Tarihi Eserler

Babüssaade Nedir, Ne Demek, Tarihi, Mimari, Özellikleri, Hakkında Bilgi

Bâbüssaâde, İstanbul’da Topkapı Sarayı denilen Sarây-ı Cedîd’in üçüncü kapısı.

Bâbüssaâde, büyük saray manzumesi içinde padişahın özel ikamet yeri olan Enderûn-ı Hümâyun’un girişini teşkil eder ve birçok törenin yapıldığı ikinci avludan üçüncü avluya geçişi sağlar. Gösterişli bir.mimariye sahip olan bu methale Akağalar Kapısı veya Arz Kapısı da denilmiş­tir. Kapı iki avluyu ayıran duvarın önün­deki revakın gerisinde yer alır. Esasının Fatih Sultan Mehmed devrine ait oldu­ğu tahmin edilmektedir. Sonraları kapı­nın tam önündeki dört sütun kaldırıla­rak buraya yeni bir biçim verilmiştir.

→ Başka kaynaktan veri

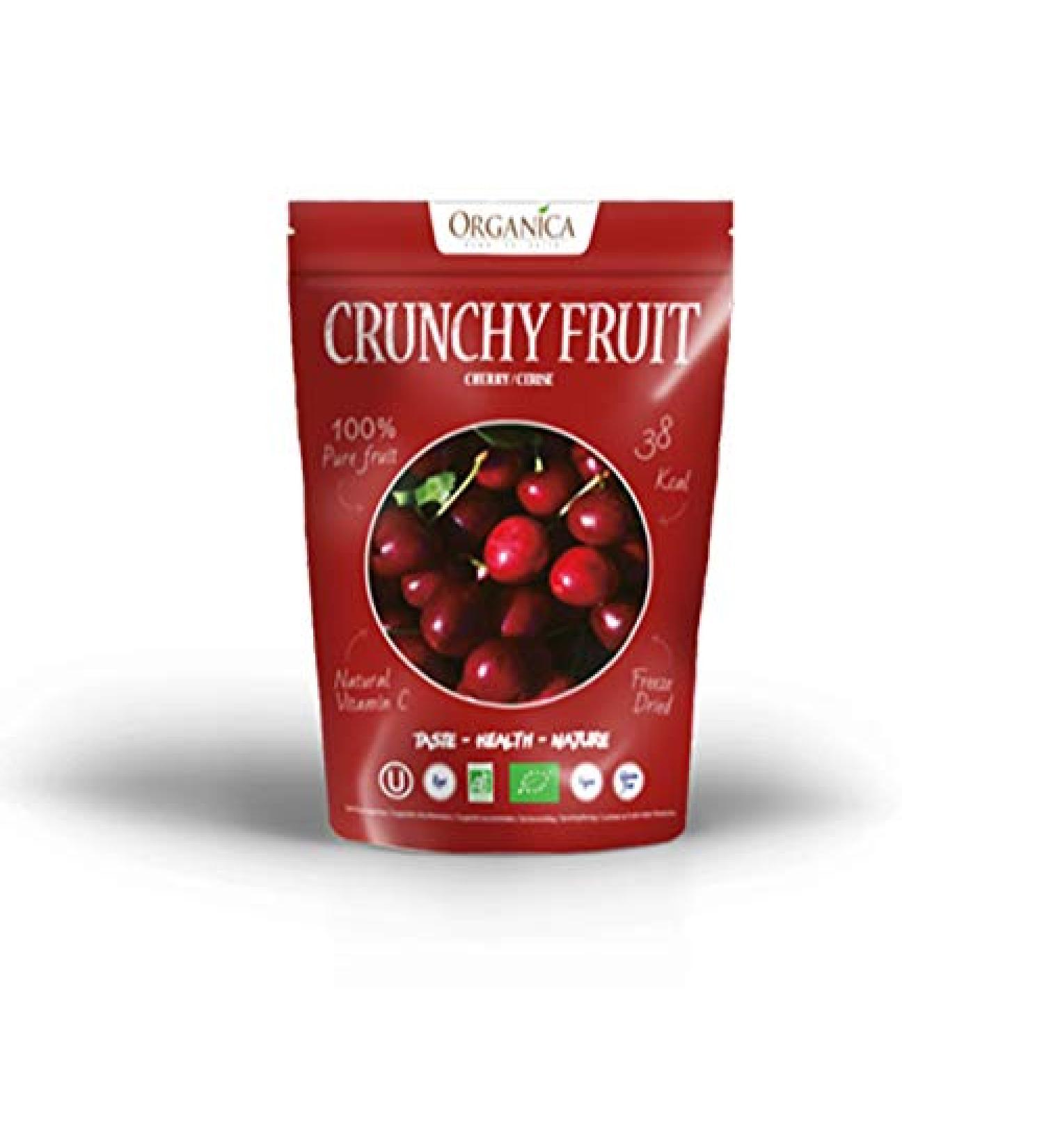 Organic - Freeze-Dried Organic Cherries 20G - Sold per unit - Buy Online on GoSupps.com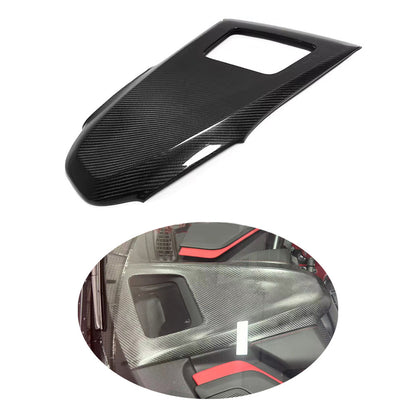 Dry Carbon Fiber Center Console Gear Shift Panel Cover Trim for 2020+ Chevrolet Corvette C8 Stingray Z51 Z06 Coupe Convertible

Bâbüssaâde’ nin görünüşünün değiş­tirilmesi Sultan I.Abdülhamid devrin­de (1774-1789) olmuştur. Kapı kemeri­nin üstünde yer alan on beş beyitlik manzum kitabedeki mücevher tarihe (bk. tarih düşürme) göre bu değişiklik 1188’de (1774-75) yapılmıştır. Bunun üstünde de Sultan II. Mahmud’un hattı ile besmele-i şerife ve kemerin kilit ta­şında Rakım Efendi tarafından çekilmiş Sultan II. Mahmud’un tuğrası bulunmak­tadır. Çifte kapı halinde olan Bâbüssaâde’nin sağ tarafında uzanan mekân Bâ­büssaâde Ağası Dairesi, soldaki ise Akağalar Koğusu’dur.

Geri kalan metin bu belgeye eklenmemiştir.